Entries taken from a collection:
________________________________________
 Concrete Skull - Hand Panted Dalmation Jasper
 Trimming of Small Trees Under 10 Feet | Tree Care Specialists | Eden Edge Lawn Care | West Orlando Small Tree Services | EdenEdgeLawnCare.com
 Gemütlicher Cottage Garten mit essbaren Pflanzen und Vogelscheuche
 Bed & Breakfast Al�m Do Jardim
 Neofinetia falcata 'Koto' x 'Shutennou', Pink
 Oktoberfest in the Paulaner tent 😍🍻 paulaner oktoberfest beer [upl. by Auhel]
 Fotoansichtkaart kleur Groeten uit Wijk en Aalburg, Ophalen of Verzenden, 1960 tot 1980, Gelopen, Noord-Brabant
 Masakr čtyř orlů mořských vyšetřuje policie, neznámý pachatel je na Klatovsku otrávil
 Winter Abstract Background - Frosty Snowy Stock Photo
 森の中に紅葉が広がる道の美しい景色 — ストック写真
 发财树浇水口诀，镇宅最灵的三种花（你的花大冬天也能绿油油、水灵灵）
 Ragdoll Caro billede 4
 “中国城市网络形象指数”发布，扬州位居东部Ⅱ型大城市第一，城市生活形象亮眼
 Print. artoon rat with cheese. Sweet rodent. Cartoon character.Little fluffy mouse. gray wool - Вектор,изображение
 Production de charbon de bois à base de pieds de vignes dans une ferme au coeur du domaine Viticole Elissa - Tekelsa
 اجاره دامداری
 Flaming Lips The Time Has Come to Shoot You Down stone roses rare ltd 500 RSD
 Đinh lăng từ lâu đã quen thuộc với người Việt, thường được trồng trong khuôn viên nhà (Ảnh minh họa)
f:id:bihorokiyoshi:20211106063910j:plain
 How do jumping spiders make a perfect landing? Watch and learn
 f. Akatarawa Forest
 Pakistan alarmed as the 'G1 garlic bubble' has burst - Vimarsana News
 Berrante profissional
________________________________________
### TASK DETAILS
The reply must consist solely of the lines from the one containing "发财树浇水口诀，镇宅最灵的三种花（你的花大冬天也能绿油油、水灵灵）" through the last line of the data, reproduced exactly.

### REPLY
 发财树浇水口诀，镇宅最灵的三种花（你的花大冬天也能绿油油、水灵灵）
 Ragdoll Caro billede 4
 “中国城市网络形象指数”发布，扬州位居东部Ⅱ型大城市第一，城市生活形象亮眼
 Print. artoon rat with cheese. Sweet rodent. Cartoon character.Little fluffy mouse. gray wool - Вектор,изображение
 Production de charbon de bois à base de pieds de vignes dans une ferme au coeur du domaine Viticole Elissa - Tekelsa
 اجاره دامداری
 Flaming Lips The Time Has Come to Shoot You Down stone roses rare ltd 500 RSD
 Đinh lăng từ lâu đã quen thuộc với người Việt, thường được trồng trong khuôn viên nhà (Ảnh minh họa)
f:id:bihorokiyoshi:20211106063910j:plain
 How do jumping spiders make a perfect landing? Watch and learn
 f. Akatarawa Forest
 Pakistan alarmed as the 'G1 garlic bubble' has burst - Vimarsana News
 Berrante profissional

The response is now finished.